Samsung’s proposals range from an application that can help the visually impaired enjoy television, movies, and books in VR, to software that can help users visualize new furniture in a three-dimensional model of their home, to a travel app that records 360-degree video and sound for future viewing, and on to a pair of glasses that can wirelessly stream VR and AR content from another device.
The first project, Relúmĭno, is perhaps the Creative Lab’s greatest breakthrough. The app can correct images and text for people who suffer from distorted vision, and compensate for blind spots as well. Samsung says Relúmĭno can help these users watch television in a manner that obviates the need for the much more expensive visual aids on the market currently.
VuildUs is Samsung’s interior design app that works by constructing a model of the user’s home with the help of a 360-degree depth-recording camera. Through VR, the user can then drag and drop different items of furniture into that model, and purchase them on the spot if they so choose. The app would scale room and object dimensions proportionately, eliminating the need to physically measure out space.

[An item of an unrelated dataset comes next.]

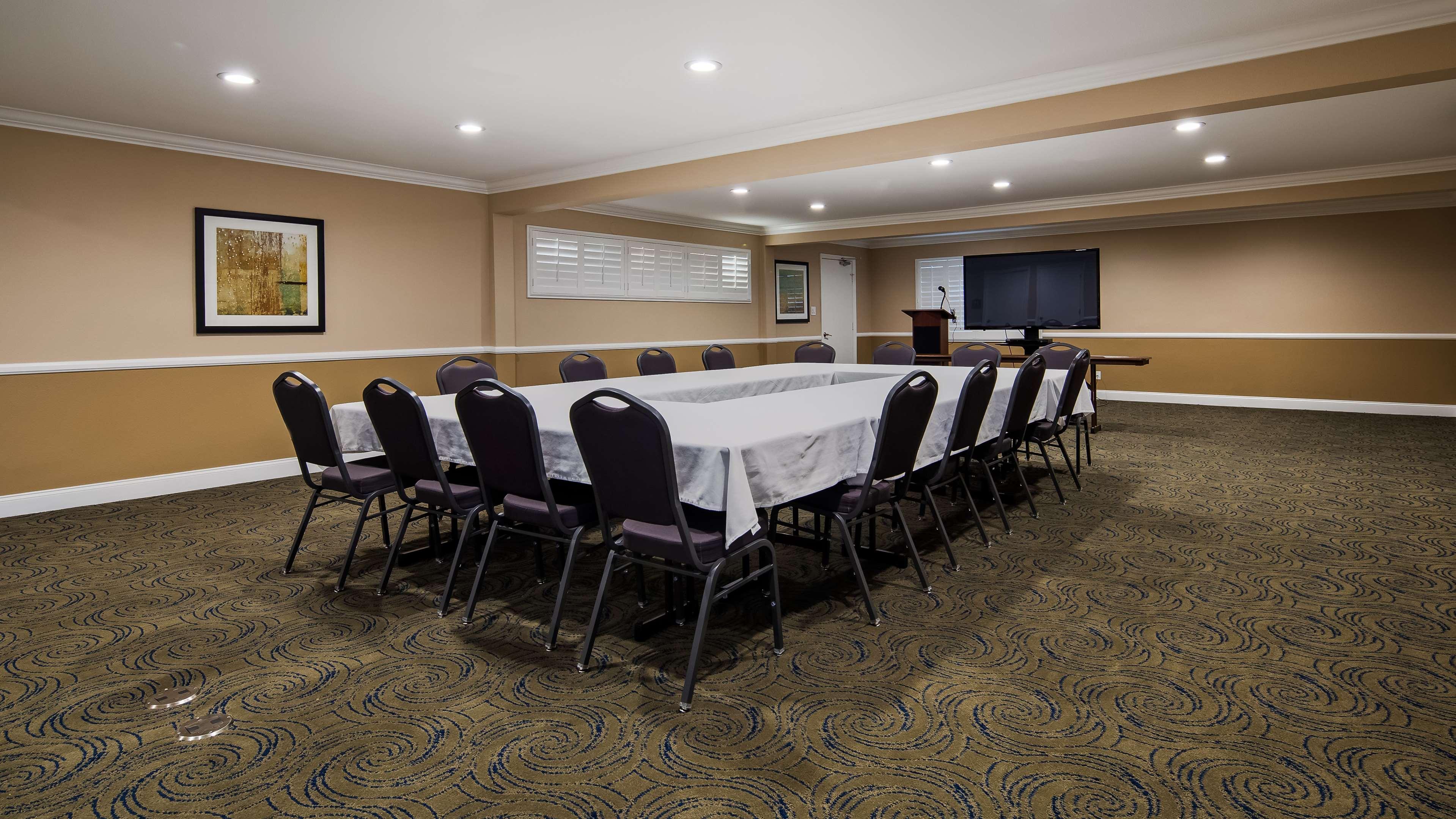 Best Western Oxnard Inn מראה חיצוני תמונה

With traVRer, tourists can visit their favorite locales in VR, record 360-degree video and audio, and post their discoveries so others can take in the sights. The interface is outfitted with a map, so users can trace the path of the tour as they watch, and it allows seamless switching between videos, enabling users to instantly observe a single location at multiple times of the day.
Finally, there’s Monitorless, C-Lab’s solution to unlocking the entire gamut of VR experiences on mobile and PC with a single pair of glasses. The glasses feature an electrochromic display that uses WiFi Direct to stream content from a compatible device. Because no actual monitors are involved, the glasses can be used as a VR device, for a theater-like viewing experience, or as an AR device, with adjustable transparency so users can still see what’s in front of them.
Samsung calls C-Lab an “internal incubation program” that cultivates experimental ideas from employees. While there’s no guarantee these projects will actually surface in public-ready form in four years’ time, they do provide a sense of what Samsung hopes to accomplish in the future with the emerging medium.